▶ Data extracted from a collection

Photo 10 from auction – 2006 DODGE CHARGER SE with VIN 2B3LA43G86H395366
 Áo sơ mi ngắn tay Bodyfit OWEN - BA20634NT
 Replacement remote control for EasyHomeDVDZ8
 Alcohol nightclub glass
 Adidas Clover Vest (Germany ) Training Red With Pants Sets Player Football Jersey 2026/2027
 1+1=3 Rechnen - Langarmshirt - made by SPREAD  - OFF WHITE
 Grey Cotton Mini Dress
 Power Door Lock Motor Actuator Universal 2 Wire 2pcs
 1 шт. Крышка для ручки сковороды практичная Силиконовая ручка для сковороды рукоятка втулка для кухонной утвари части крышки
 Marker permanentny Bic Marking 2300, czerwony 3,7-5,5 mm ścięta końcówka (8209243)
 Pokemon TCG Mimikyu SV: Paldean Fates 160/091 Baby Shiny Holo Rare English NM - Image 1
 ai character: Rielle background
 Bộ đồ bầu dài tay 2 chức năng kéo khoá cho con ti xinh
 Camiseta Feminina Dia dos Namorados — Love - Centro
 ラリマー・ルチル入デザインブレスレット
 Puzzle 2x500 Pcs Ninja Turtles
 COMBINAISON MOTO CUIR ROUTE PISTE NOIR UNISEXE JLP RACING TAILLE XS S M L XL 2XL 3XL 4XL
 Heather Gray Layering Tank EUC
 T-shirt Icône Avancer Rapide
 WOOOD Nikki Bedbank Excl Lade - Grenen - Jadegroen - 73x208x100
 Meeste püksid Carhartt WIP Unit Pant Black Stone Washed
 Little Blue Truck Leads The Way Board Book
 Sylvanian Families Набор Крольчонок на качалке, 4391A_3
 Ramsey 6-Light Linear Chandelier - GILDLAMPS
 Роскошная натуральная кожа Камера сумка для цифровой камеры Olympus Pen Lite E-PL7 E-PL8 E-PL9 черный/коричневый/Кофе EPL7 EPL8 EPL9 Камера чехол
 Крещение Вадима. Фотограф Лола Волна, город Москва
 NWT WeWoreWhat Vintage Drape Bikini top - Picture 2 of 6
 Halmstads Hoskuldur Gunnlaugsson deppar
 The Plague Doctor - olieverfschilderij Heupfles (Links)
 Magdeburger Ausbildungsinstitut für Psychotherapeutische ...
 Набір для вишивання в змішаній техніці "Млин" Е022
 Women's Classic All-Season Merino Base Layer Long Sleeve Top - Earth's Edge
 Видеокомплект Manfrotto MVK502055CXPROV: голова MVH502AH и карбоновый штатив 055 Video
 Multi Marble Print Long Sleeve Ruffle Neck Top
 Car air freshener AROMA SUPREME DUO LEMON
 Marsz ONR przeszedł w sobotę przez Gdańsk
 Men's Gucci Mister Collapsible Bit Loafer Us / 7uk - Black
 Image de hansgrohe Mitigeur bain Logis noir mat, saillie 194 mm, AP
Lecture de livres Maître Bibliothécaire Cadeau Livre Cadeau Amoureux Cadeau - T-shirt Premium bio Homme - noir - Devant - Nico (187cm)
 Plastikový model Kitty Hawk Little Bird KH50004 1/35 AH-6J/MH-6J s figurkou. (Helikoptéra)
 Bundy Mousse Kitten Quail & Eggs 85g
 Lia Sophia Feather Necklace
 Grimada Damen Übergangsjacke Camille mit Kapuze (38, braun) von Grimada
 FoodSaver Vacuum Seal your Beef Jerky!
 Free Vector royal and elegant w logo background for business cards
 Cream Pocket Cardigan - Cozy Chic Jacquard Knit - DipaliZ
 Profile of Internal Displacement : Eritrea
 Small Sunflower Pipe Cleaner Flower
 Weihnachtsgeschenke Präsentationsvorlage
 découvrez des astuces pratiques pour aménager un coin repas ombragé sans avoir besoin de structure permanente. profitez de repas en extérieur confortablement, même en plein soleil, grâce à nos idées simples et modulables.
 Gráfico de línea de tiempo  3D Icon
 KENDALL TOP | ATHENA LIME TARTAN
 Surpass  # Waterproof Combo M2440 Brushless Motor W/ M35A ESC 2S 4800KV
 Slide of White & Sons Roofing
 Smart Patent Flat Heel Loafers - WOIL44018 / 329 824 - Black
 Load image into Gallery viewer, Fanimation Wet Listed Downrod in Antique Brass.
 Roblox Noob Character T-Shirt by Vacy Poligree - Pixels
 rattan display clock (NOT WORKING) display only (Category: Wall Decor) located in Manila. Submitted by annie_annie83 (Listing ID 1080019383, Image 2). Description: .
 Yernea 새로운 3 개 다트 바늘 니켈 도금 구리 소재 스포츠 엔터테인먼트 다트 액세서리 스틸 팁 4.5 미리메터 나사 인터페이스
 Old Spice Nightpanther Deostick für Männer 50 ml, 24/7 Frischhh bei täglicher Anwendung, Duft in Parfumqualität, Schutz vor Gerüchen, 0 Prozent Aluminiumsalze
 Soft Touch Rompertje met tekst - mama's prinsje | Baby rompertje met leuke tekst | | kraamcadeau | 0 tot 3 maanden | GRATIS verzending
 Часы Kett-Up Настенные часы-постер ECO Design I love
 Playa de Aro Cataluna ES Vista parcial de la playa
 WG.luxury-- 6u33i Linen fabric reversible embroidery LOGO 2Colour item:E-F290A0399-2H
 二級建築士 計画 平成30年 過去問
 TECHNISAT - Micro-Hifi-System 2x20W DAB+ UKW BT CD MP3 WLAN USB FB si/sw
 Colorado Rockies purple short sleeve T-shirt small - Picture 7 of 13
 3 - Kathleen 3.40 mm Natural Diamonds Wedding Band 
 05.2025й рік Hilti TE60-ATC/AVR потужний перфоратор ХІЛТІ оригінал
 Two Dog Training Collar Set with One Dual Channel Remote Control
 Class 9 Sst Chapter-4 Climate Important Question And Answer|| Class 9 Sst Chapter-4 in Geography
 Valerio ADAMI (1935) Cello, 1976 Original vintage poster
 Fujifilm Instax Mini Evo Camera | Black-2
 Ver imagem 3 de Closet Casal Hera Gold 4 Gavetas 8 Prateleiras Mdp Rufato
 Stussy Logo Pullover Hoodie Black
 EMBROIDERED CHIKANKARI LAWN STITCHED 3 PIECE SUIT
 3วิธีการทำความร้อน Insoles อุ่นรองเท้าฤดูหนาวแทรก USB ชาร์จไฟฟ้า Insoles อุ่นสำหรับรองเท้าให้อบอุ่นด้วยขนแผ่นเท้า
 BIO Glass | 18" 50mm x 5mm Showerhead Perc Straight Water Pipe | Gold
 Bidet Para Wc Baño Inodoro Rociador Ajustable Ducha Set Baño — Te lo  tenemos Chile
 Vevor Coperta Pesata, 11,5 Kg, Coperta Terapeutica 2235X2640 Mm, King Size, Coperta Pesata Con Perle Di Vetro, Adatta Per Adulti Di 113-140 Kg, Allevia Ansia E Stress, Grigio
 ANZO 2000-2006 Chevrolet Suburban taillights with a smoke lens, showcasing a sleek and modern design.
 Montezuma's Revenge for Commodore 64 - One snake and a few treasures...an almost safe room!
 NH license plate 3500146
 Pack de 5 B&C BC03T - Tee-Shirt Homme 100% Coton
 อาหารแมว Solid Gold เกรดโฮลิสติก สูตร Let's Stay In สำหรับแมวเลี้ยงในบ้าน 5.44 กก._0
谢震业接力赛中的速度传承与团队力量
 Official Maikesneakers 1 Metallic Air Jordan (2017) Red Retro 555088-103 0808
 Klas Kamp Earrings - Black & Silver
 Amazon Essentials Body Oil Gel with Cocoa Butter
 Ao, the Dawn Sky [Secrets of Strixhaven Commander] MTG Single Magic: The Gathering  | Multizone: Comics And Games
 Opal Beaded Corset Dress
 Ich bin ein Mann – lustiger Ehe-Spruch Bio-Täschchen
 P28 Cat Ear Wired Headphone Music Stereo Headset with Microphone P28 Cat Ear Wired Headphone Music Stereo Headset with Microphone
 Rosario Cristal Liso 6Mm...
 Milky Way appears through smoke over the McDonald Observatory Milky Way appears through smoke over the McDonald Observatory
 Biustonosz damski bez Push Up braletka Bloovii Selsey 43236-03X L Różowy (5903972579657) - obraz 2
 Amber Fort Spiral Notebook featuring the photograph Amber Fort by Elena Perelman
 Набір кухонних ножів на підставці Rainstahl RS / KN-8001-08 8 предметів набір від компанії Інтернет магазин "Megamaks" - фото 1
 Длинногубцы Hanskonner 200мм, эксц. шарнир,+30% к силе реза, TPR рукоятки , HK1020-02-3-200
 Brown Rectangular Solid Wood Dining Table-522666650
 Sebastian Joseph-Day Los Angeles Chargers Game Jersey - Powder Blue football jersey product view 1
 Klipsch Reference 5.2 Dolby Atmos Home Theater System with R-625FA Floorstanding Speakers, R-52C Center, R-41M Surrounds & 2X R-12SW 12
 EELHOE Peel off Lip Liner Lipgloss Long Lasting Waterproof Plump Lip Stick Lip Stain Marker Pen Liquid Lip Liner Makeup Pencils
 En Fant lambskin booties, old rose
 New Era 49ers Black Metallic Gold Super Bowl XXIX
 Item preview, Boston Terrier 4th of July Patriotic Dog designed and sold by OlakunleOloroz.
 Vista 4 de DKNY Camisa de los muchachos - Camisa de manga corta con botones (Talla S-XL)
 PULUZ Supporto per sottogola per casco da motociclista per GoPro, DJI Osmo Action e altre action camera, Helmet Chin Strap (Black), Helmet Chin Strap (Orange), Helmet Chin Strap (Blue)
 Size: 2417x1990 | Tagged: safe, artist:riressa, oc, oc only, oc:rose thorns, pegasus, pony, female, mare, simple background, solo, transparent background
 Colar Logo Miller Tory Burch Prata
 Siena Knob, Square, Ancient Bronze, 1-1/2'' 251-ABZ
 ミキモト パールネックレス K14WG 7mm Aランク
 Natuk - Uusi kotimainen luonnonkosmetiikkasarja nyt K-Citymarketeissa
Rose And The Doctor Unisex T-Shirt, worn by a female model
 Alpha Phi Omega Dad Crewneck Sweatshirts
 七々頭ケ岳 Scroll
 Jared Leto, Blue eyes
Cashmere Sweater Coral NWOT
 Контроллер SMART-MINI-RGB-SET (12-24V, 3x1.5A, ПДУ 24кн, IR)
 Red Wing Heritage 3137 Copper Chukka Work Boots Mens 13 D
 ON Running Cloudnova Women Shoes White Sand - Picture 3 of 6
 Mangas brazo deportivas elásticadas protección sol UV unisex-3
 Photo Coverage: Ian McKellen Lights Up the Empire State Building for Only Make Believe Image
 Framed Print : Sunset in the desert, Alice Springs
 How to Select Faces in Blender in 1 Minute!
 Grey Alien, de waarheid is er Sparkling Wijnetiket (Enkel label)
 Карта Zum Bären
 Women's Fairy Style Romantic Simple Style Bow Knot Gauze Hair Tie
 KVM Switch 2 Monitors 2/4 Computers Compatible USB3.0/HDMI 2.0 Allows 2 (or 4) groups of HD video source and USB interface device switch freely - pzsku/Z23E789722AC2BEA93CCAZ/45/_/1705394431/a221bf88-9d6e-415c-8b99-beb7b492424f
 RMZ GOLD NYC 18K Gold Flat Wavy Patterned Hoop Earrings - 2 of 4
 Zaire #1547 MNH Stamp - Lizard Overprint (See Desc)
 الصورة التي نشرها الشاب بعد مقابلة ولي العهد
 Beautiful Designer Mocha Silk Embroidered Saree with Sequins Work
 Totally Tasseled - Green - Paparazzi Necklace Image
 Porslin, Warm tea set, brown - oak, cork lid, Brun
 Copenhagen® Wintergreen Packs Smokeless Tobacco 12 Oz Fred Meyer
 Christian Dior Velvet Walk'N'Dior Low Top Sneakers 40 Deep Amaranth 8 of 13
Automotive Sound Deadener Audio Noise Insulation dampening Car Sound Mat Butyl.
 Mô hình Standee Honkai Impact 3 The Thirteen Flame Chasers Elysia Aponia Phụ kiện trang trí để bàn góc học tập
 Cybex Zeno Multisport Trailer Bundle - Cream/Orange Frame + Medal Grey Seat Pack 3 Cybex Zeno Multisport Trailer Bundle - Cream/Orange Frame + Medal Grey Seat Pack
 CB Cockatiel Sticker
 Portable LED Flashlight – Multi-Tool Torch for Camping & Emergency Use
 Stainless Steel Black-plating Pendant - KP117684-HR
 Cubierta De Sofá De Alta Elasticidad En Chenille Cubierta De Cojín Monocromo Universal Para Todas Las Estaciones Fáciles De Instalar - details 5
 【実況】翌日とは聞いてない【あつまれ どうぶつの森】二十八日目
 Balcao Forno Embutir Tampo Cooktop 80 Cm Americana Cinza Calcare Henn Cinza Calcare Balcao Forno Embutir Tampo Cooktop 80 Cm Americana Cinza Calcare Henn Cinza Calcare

▶ Activity
Your task is to retype the entries verbatim, starting with the line that holds "Power Door Lock" and stopping after the line that holds "Bộ đồ bầu dài".

▶ Exercise result
 Power Door Lock Motor Actuator Universal 2 Wire 2pcs
 1 шт. Крышка для ручки сковороды практичная Силиконовая ручка для сковороды рукоятка втулка для кухонной утвари части крышки
 Marker permanentny Bic Marking 2300, czerwony 3,7-5,5 mm ścięta końcówka (8209243)
 Pokemon TCG Mimikyu SV: Paldean Fates 160/091 Baby Shiny Holo Rare English NM - Image 1
 ai character: Rielle background
 Bộ đồ bầu dài tay 2 chức năng kéo khoá cho con ti xinh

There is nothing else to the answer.